When President Donald Trump and his minions attack the Census, they are messing with the U.S. Constitution and the better angels of the American experiment. This is no small matter. And this is no small fight. Progressives should understand it as such and respond accordingly – not merely with a strong defense but with an even stronger offense.

Yes, the Supreme Court has delivered a smackdown to the administration’s scheme to add a citizenship question to the survey. And, yes, the administration appeared to signal that it was backing down when it allowed the printing of 2020 Census forms to begin. But appearances can be deceiving. Trump is now asserting that, no matter what courts and law and printing deadlines may say, he’s still interested in getting the citizenship question into the mix. So the advocates for a full and fair count must be prepared to defend the ground that has been gained. We must, at the same time, go on the offensive, promoting an understanding of the Census as what it is: “a cornerstone of our democracy.”

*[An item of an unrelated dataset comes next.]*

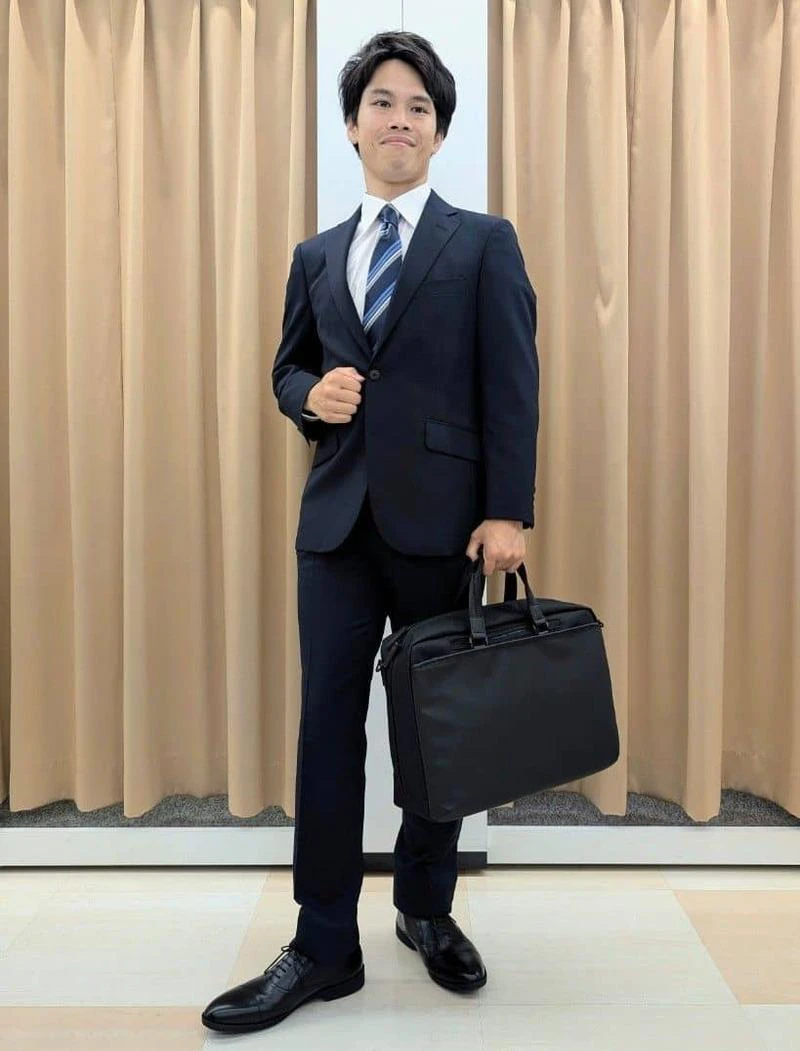 【メンズ】ネイビー×スリムデザインでスマート感を引き立てる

That is how a group of Democratic senators described the Census in a letter urging the administration to end efforts to “delay and jeopardize the Census Bureau’s ability to conduct a full, fair, and accurate decennial census as required by the U.S. Constitution and the Census Act.”

The Constitution did not mention democracy, and it did not outline universal voting rights. It did not propose political parties, primary elections or – and this may surprise Trump – the monarchical flight of fantasy that is “executive privilege.” But it did mention the Census. Right up at the top, in Article 1, Section 2, the document requires that an “enumeration shall be made” within terms of 10 years. That means that since 1790, the federal government has organized a decennial counting of the people.

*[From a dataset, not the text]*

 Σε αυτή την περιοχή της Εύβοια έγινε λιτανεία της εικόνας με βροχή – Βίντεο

The point of this enumeration is a radical and democratizing one. The founders of the American experiment, who had experienced colonial abuses that included taxation without representation, developed a strategy for counting every American and using the results to establish representative democracy.

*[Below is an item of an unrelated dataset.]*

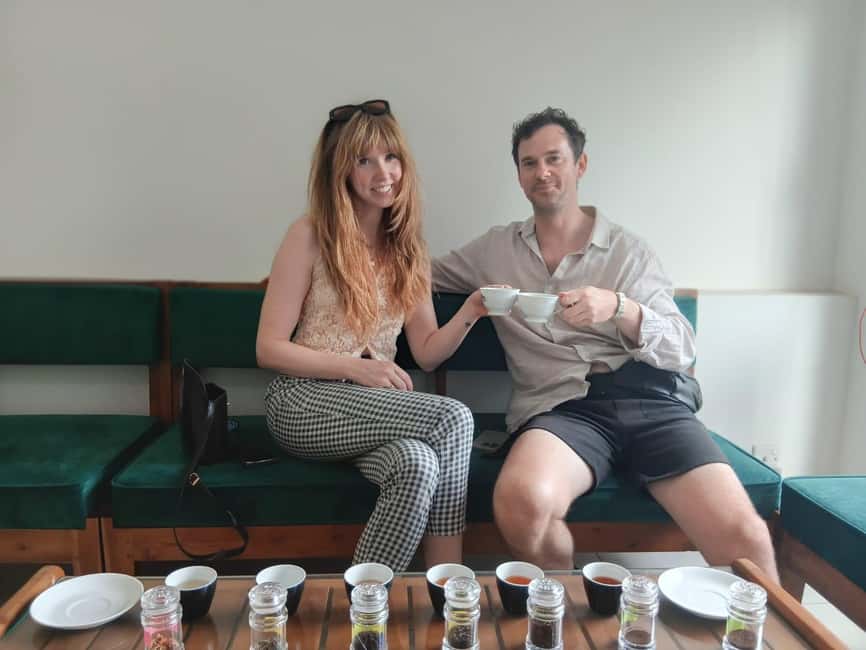 Colombo: Tastiest Local Food Tour by Tuk-Tuk Meals Included - The final course: curd and kittul syrup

“Enshrining this invention in our Constitution marked a turning point in world history,” explainsthe Census Bureau. “Previously censuses had been used mainly to tax or confiscate property or to conscript youth into military service. The genius of the Founders was taking a tool of government and making it a tool of political empowerment for the governed over their government.”

The Census is a protection against the kingly privileges and abuses against which the American Revolution was waged. Few suppressions could be so severe as a mangling of the Census. That’s the reason civil rights groups rallied to prevent the addition of the “citizenship question.” This rallying of the forces of democracy has been strikingly successful. But it cannot be the end of anything. It must be the beginning.